What the task requires: Reprint all records below exactly. No images.

Information shown:
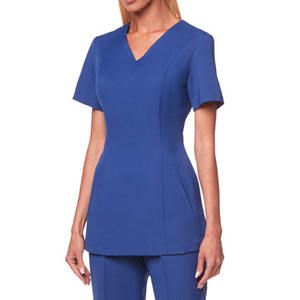 Tuniques de travail pour femmes en coton, polyester et élasthanne pour salons de beauté et spas, avec couleur personnalisée et manches courtes - Product Image 5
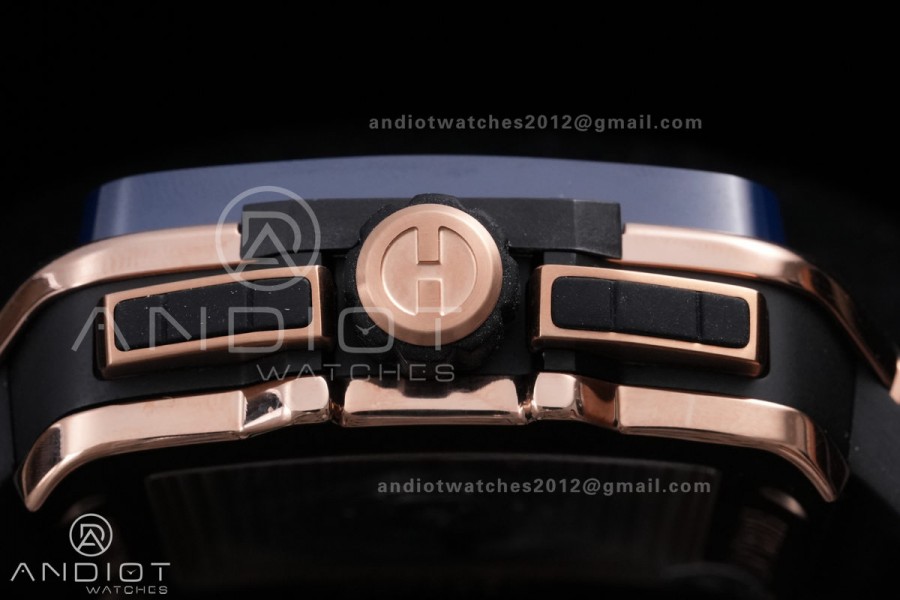 Square Bang Unico 42mm RG Blue Ceramic Bezel BBF 1:1 Best Edition Skeleton Dial on Blue Rubber Strap A1280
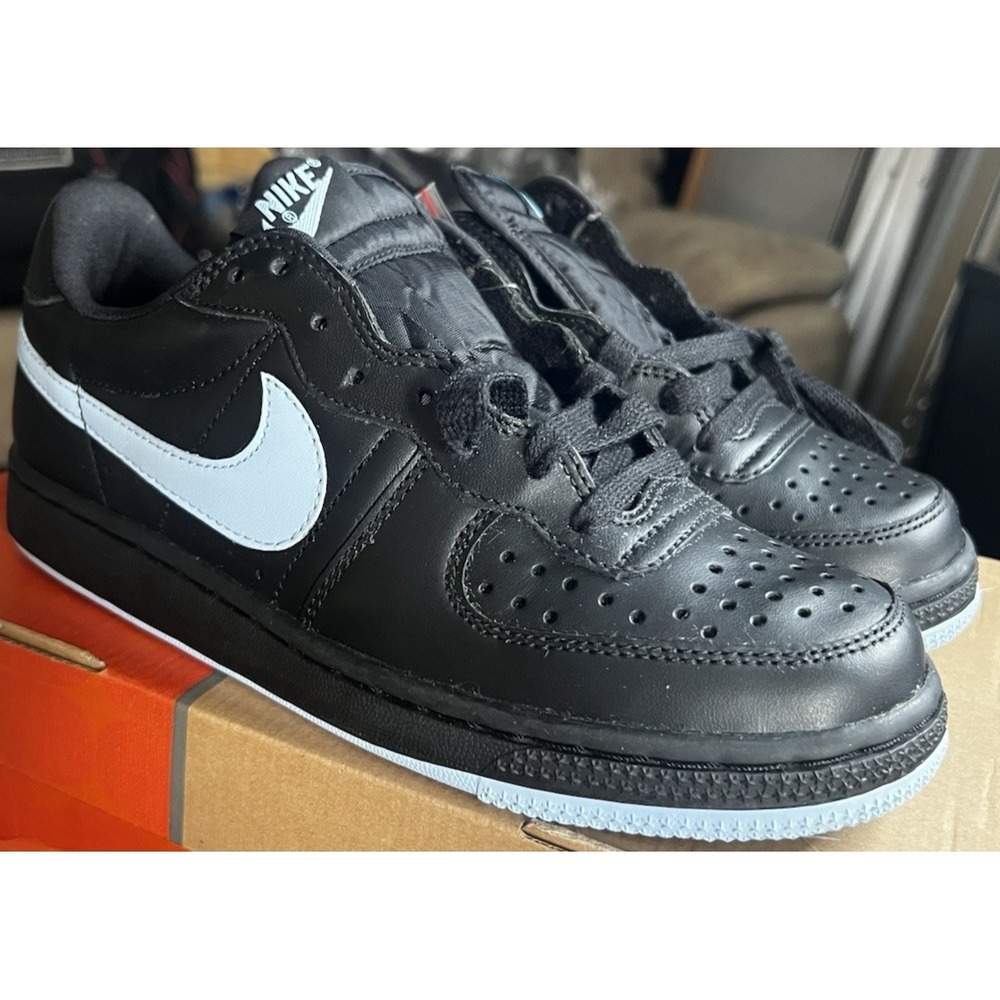 Nike Court Vision Low Women's Size 7.5 Lace-Up Black/Sky Blue Comfort Sneakers - Picture 2 of 9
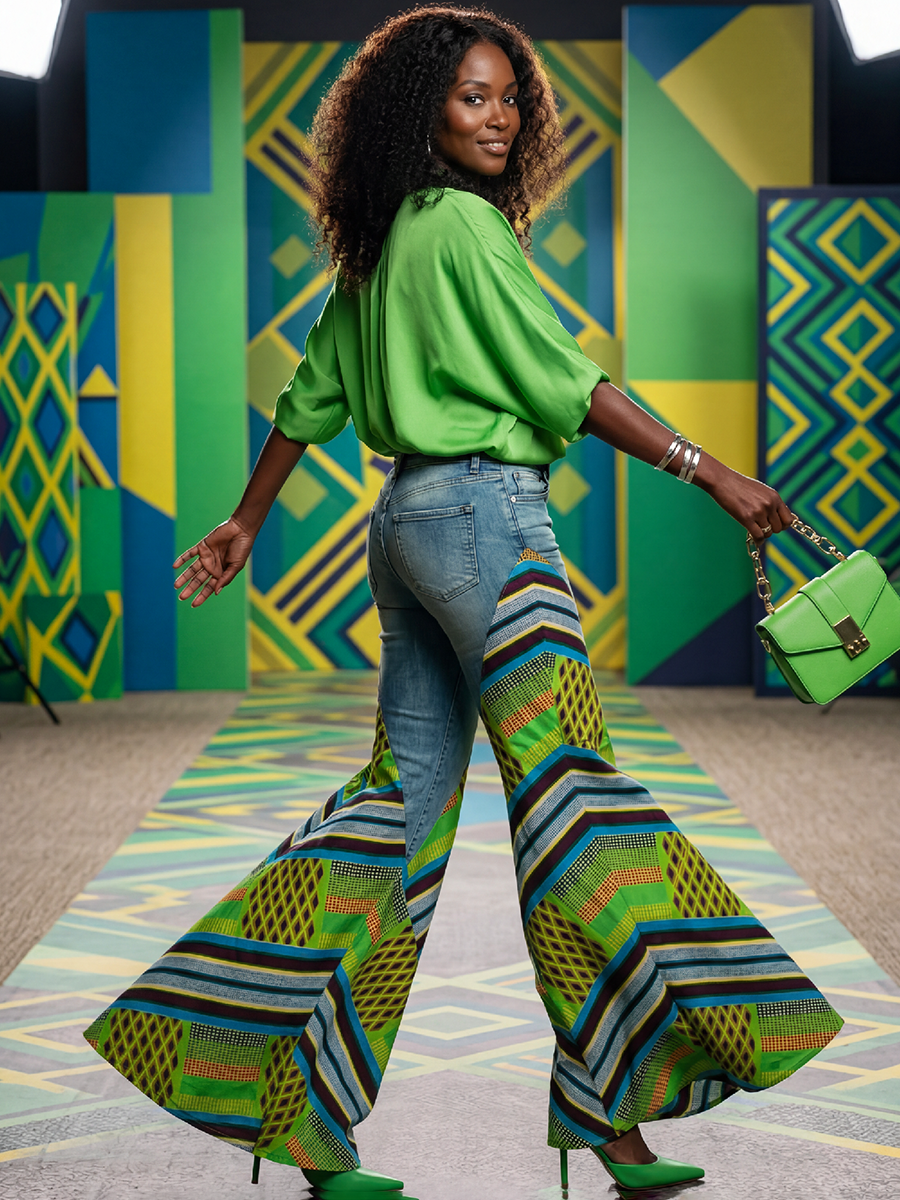 High Waisted Wide Leg Buttoned Contrast Color Pockets Split-Joint Striped Zipper Jean Pants Bottoms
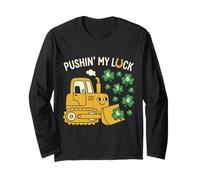Bulldozer per Bambini Che Spingono la mia Fortuna St Patrick 67 Numeri fortunati Maglia a Manica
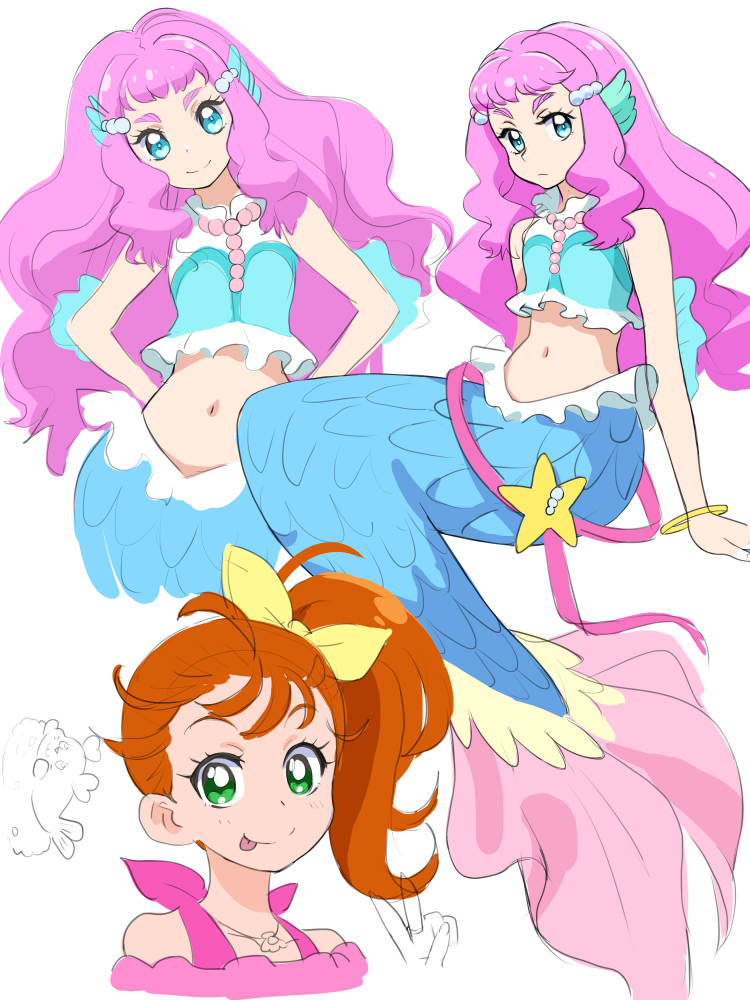 2girls :p blue_eyes bracelet closed_mouth fins green_eyes hair_ribbon head_fins jewelry kikurage_(crayon_arts) kururun_(precure) laura_la_mer long_hair looking_at_viewer mermaid midriff monster_girl multiple_girls natsuumi_manatsu navel orange_hair pink_hair precure ribbon short_hair side_ponytail simple_background sitting sketch smile tongue tongue_out tropical-rouge!_precure white_background yellow_ribbon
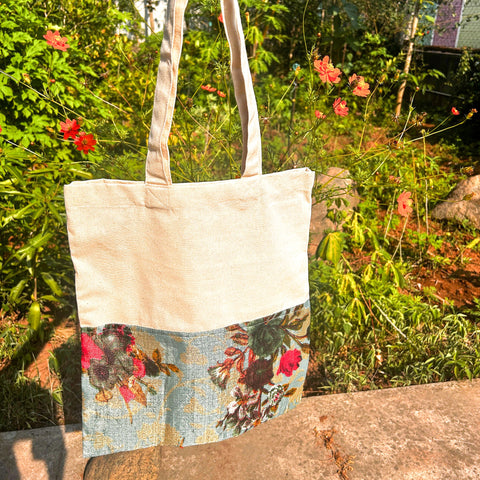 Half sari, half cotton tote bag, ethically handmade in India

Answer below:
 Tuniques de travail pour femmes en coton, polyester et élasthanne pour salons de beauté et spas, avec couleur personnalisée et manches courtes - Product Image 5
 Square Bang Unico 42mm RG Blue Ceramic Bezel BBF 1:1 Best Edition Skeleton Dial on Blue Rubber Strap A1280
 Nike Court Vision Low Women's Size 7.5 Lace-Up Black/Sky Blue Comfort Sneakers - Picture 2 of 9
 High Waisted Wide Leg Buttoned Contrast Color Pockets Split-Joint Striped Zipper Jean Pants Bottoms
Bulldozer per Bambini Che Spingono la mia Fortuna St Patrick 67 Numeri fortunati Maglia a Manica
 2girls :p blue_eyes bracelet closed_mouth fins green_eyes hair_ribbon head_fins jewelry kikurage_(crayon_arts) kururun_(precure) laura_la_mer long_hair looking_at_viewer mermaid midriff monster_girl multiple_girls natsuumi_manatsu navel orange_hair pink_hair precure ribbon short_hair side_ponytail simple_background sitting sketch smile tongue tongue_out tropical-rouge!_precure white_background yellow_ribbon
 Half sari, half cotton tote bag, ethically handmade in India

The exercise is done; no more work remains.